We elicited HICs in 22 out of 70 patients with Parkinson's disease who underwent STN DBS surgery. HICs were identified on 24 sides with 54% on the left side and 46% on the right side. There was no significant difference in gender, age, disease duration, medication, motor, or non-motor symptoms before operation between patients with HIC or without HIC. Also, the motor improvements after DBS surgery were similar in the two groups, suggesting it was difficult to predict stimulation-induced hypomania across patients. We demonstrated that the depth of the maximum θ power determined using intraoperative recordings and the depth of the HICs selected during postoperative programming were strongly correlated. In addition, there was a weaker correlation between the depth of maximum α and β power recorded using intraoperative LFP recordings and the depth of the HICs. However, partial correlation confirmed that at least part of the predictive value of the depth of the maximum θ activity was independent of the depth of maximum α and β activity power. Conversely, partial correlation indicated that neither the depth of the maximum α nor the β activities were predictive of the HIC depth if the depth of the maximum θ power was considered. The correlation between θ oscillations and hypomania was further supported by our results that the sides with HICs had greater maximum θ power than those without HICs.
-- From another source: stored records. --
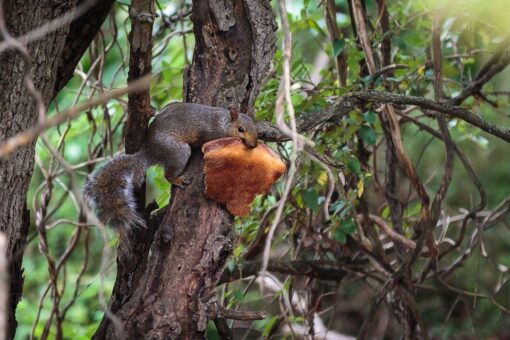 Another pizza-loving squirrel caught eating in a tree adds to growing documented incidents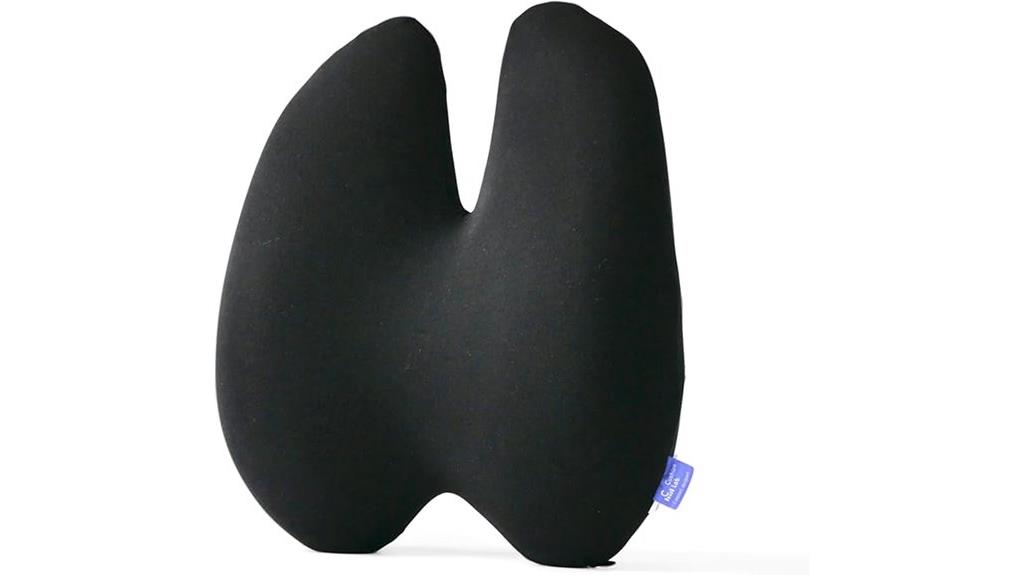 lumbar support pillow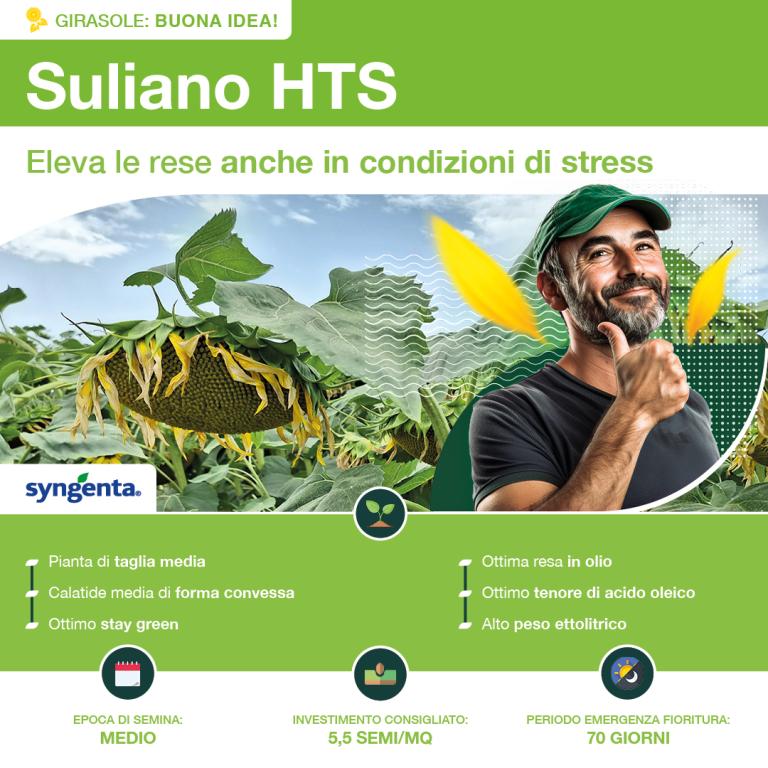 1080x1080_girasole_syngenta3.jpg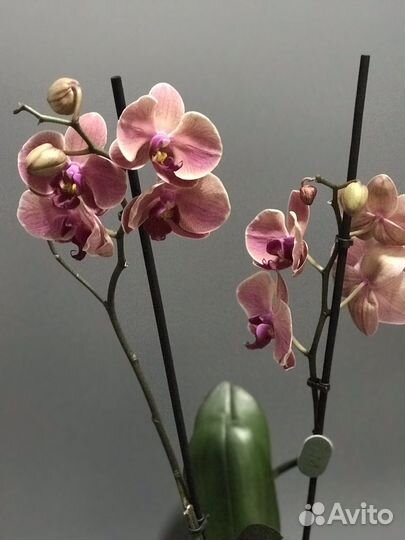 Орхидея фаленопсис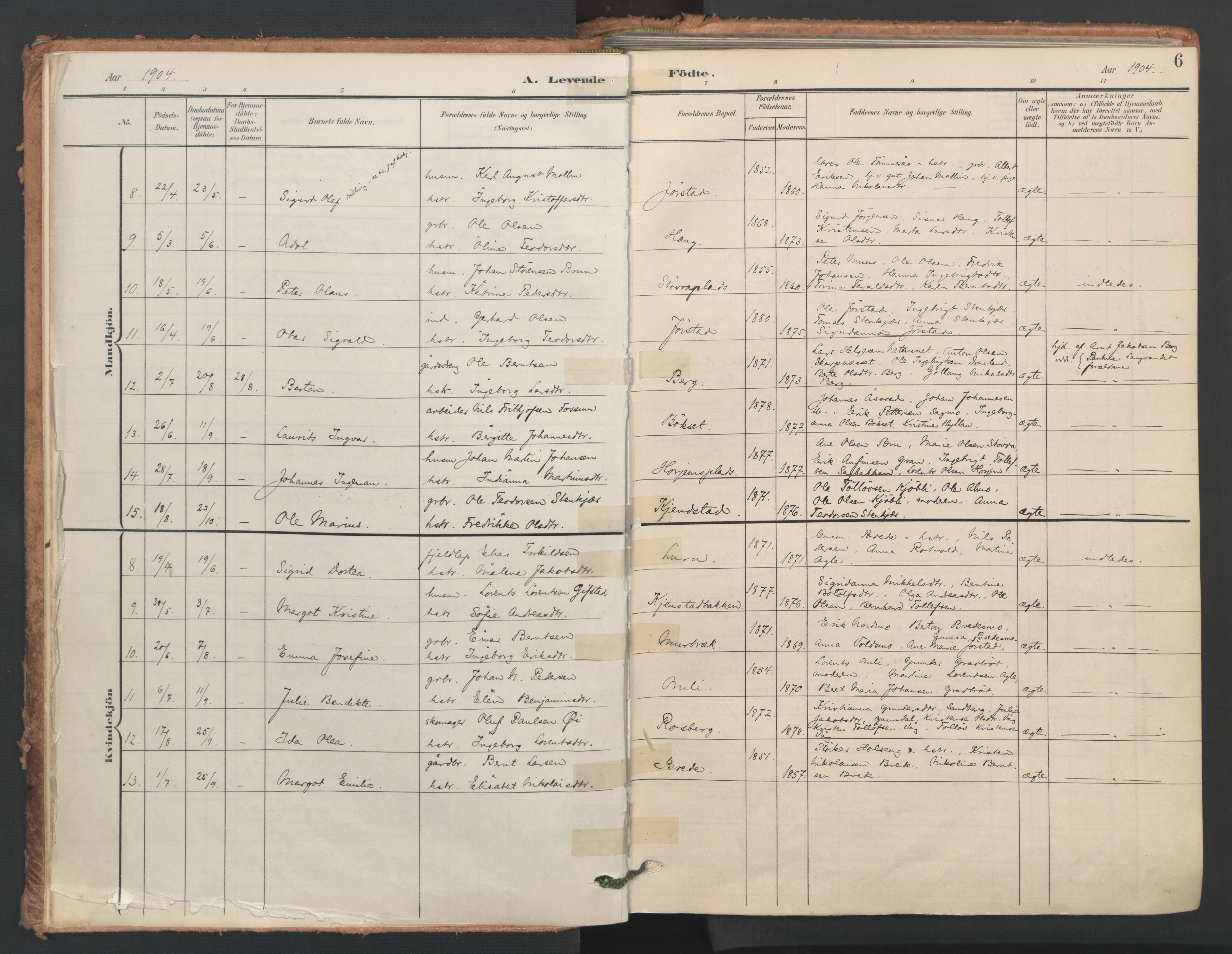 Ministerialprotokoller, klokkerbøker og fødselsregistre - Nord-Trøndelag, SAT/A-1458/749/L0477: Parish register (official) no. 749A11, 1902-1927, p. 6
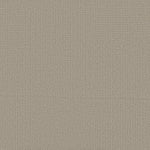 Load image into Gallery viewer, Shaw Aerial Arts — Natural Stone 00106 carpet
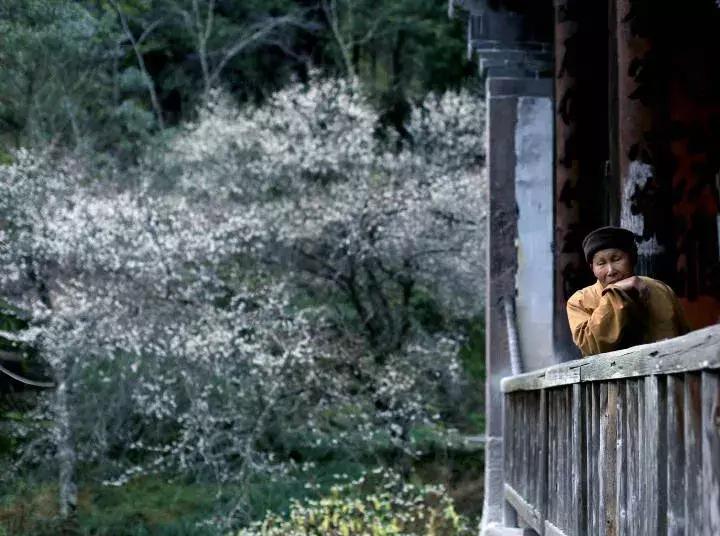 武夷山风景区民宿推荐价格表,武夷山山里民宿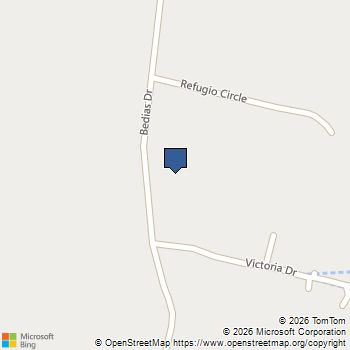 25216 Bedias Drive Bedias, TX MLS# 63736502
Contrary to a previous report that demonstrated the lateralization of mood processing in the right STN (Eitan et al., 2013), our results showed that the HICs were equally distributed in both hemispheres.

Thus, the predictive value of maximum LFP power was driven by the θ band. This information may help refine targeting intraoperatively and the selection of stimulation contact during subsequent programming.

The Utility of Intraoperative Stepping LFP Recordings

Why should we utilize intraoperative recording of macroelectrode steps rather than record LFP after electrodes are implanted? First, the stepped electrode descent helps ensure that the electrode is centered at the correct depth. Second, the spatial localization of oscillatory activities recorded from fixed electrodes is more limited, given neuronal signals can only be sampled from three contact pairs that are 2 mm apart. During the stepping procedure, neuronal activities within the STN area are recorded in descending steps of 1 mm so that spatial resolution is higher and the ambiguity in signal attribution with fixed bipolar recordings is avoided. Consider, for example, if electrode contacts 0 and 1 flank the generator of oscillatory activities, then, minimal power will be registered in the fixed bipolar montage due to signal cancellation. By stepping the electrode down at 1 mm increments, a point will come when the lowermost contact, C0, sits in or near the generator while contact C1 is still above it, giving a large potential gradient. The ambiguity inherent in fixed bipolar contacts can be circumvented by monopolar recordings, but these are more likely to saturate and the depths that are available for analysis are currently limited to four. This later limitation may be circumvented by next-generation DBS electrodes with a larger number of contacts separated in depth by less than 2 mm.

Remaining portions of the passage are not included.